Albanien: Machtkampf in der Sozialistischen Partei
7. September 2006Nano gibt vor, Rama verfolge in seinen Ämtern nur persönliche Interessen. Er bezeichnete Rama zudem als "deformierte Kopie" des jetzigen konservativen Regierungschefs Sali Berisha. Der Kampf gegen "das Original", womit er Berisha meine, müsse mit einem Kampf innerhalb der eigenen Reihen beginnen – nämlich gegen Rama. Nano warf Rama vor, dieser betreibe "die Degradierung der Sozialistischen Partei". Taulant Bala, einer der Unterstützer von Nano, beteuerte gegenüber der Deutschen Welle: "Nano hat eine Bewegung geschaffen, deren Ziel die Gesundung der Partei ist. Es ist die beste Antwort auf die Willkür, die wir in der jetzigen Parteiführung unter Edi Rama feststellen."
Parteiführung droht mit Ausschluss Nanos
Rama, der neben dem Parteivorsitz auch das Amt des Bürgermeisters von Tirana innehat, wischte die Angriffe von Nano beiseite, indem er die Kritik aus den eigenen Reihen als "atmosphärische Störungen" abtat. Er verteidigte seine politische Strategie für die kommenden Monate, die darauf abzielt, zuerst die Lokalwahlen, die bis zum Ende des Jahres stattfinden müssen, zu gewinnen und dann vorgezogene Parlamentswahlen im kommenden Jahr zu erzwingen. Rama betonte: "Unsere Agenda ist durch irgendwelche atmosphärischen Faktoren nicht abzuändern." In Bezug auf Nanos schillernde Vergangenheit – dessen Amtszeit als Premierminister war durch zahlreiche Skandale und Korruptionsvorwürfe in den Medien überschattet – sagte Rama, Nanos politische Karriere sei beendet. "Die Telenovellen sind vorüber", kommentierte Rama.

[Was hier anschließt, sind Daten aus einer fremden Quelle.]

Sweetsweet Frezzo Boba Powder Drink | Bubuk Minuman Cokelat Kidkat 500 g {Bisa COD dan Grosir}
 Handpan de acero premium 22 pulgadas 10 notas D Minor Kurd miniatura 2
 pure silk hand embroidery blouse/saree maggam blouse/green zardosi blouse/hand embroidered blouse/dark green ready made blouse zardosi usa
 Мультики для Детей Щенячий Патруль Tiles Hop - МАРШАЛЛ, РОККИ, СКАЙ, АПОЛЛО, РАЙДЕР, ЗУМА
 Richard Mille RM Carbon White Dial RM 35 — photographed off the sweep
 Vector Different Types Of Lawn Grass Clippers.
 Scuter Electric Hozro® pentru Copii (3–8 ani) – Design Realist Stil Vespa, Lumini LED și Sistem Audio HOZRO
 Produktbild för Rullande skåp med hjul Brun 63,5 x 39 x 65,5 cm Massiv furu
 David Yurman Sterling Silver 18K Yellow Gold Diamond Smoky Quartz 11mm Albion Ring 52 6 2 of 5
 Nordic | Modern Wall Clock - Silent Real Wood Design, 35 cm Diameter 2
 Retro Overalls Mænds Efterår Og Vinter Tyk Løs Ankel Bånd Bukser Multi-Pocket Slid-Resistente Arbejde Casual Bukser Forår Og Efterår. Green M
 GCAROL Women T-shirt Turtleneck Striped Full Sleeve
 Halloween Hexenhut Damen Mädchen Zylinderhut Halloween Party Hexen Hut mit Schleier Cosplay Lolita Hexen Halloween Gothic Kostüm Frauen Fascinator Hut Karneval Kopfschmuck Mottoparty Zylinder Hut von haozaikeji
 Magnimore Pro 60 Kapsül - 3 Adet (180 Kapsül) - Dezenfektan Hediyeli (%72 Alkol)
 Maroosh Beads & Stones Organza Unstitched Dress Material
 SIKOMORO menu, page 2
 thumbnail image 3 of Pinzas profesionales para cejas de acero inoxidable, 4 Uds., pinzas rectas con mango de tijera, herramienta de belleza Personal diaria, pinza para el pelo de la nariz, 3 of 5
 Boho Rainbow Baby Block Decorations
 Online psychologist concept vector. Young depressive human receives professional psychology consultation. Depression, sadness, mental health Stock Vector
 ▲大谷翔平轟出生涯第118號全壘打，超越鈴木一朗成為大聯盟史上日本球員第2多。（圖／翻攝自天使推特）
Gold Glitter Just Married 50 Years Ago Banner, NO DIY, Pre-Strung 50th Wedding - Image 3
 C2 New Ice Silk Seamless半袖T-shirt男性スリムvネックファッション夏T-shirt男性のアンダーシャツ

Zudem droht die Parteiführung Nano indirekt mit einem Parteiausschlussverfahren, falls dieser mit seiner Bewegung der Partei Schaden zufügen werde. Erion Brace, einer der Mitglieder des Parteipräsidiums erklärte: "Jeder, der gegen diese Agenda vorgeht, deren Ziel die Verkürzung der Amtszeit von Sali Berisha ist, stellt sich selbst außerhalb der Sozialistischen Partei. Und es wird keinerlei Zögern geben, diese Splittergruppe und alle ihre Unterstützer aus der Partei auszuschließen."
Nano gibt sich moderat
Nano hält die Drohung mit einem Parteiausschluss hingegen für einen schweren Fehler: "Es wäre ein sehr falscher Schritt, der Sozialistischen Partei mit dem Verlust ihres Repräsentanten zu drohen", betonte er. Nano, der selbst jahrzehntelang mit Berisha rivalisiert hatte, versucht nun, sich als moderat zu präsentieren. Er befürwortete das jüngste Abkommen zwischen den sozialistischen und den demokratischen Parteien, mit dem ein monatelanger Streit um die Reform des Wahlgesetzes beigelegt wurde. Zudem könne die politische Blockade des Landes nur überwunden werden, wenn, wie er sagte, "weise Vertreter der beiden großen Parteien" sich direkt träfen und ihre Konflikte beilegten.